Impact of vaginal distention on cell senescence in an animal model of pelvic organ prolapse

Adam M. Hare, Neha G. Gaddam, Haolin Shi, Jesus F. Acevedo, R. Ann Word, Maria E. Florian-Rodriguez

Research output: Contribution to journalArticlepeer-review

Abstract

Objective: Cellular senescence, associated with aging, leads to impaired tissue regeneration. We hypothesize that vaginal injury initiates cell senescence, further propagated during aging resulting in pelvic organ prolapse (POP).
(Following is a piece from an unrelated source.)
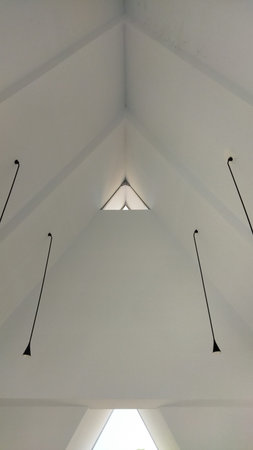 A minimalist white ceiling with a triangular skylight and four hanging lights creating a clean, airy, and sophisticated atmosphere ideal for modern architectural design and interior decor.の写真素材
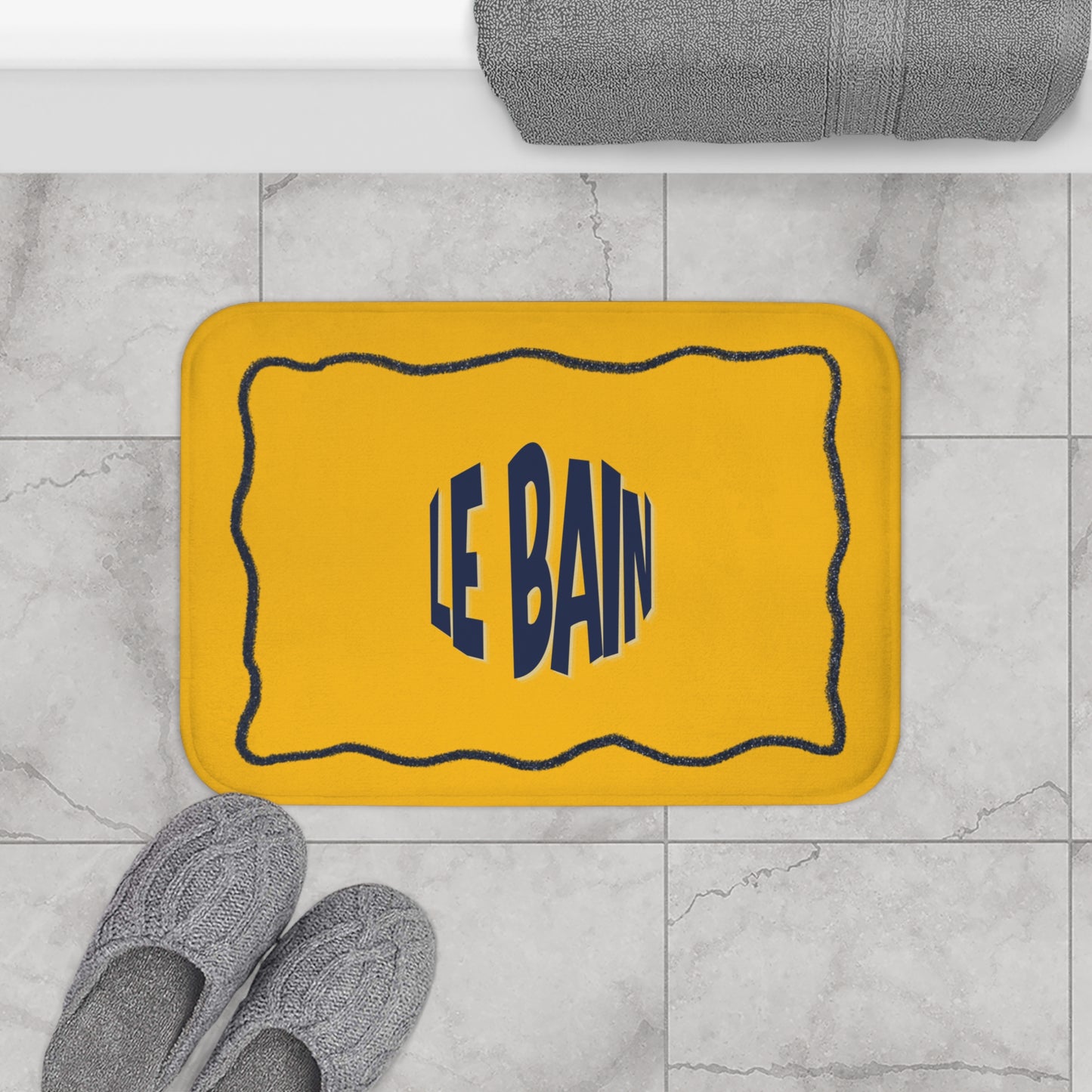Yellow bath mat with 'LE BAIN' text on a marble floor with gray slippers and a towel.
Our objective was to employ a mouse model of POP (Fibulin-5 knockout mice, Fbln5-/-) to determine if vaginal distention leads to cellular senescence and POP. Methods: 6wk old females [wild-type (WT), n = 81; Fbln5-/-, n = 47)] were assigned to control vs vaginal distention, which approximated vaginal delivery. Serial POP measurements were obtained until vagina were harvested from euthanized mice at 24, 48, 72 h and 1wk. Markers of cell senescence were quantified by immunofluorescence. DNA damage was assessed with γ-H2Ax. Results: WT distended mice showed decreased p53 (p = 0.0230) and γ-H2Ax (p = 0.0008) in vaginal stromal cells at 1wk compared to controls. In WT mice, SA-β-Gal activity increased 1wk after distention (p = 0.05). In Fbln5-/- mice, p53 and γ-H2Ax did not decrease, but p16 decreased 72 h after distention (p = 0.0150). SA-β-Gal activity also increased in Fbln5-/-, but at earlier time points and 1wk after distention (p < 0.0001). Fbln5-/- mice developed POP after distention earlier than non distended animals (p = 0.0135). Conclusions: Vaginal distention downregulates p53 and γ-H2Ax in WT mice, thereby promoting cell proliferation 1wk after injury. This was absent among Fbln5-/- distention mice suggesting they do not escape senescence. These findings indicate a failure of cellular protection from senescence in animals predisposed to POP.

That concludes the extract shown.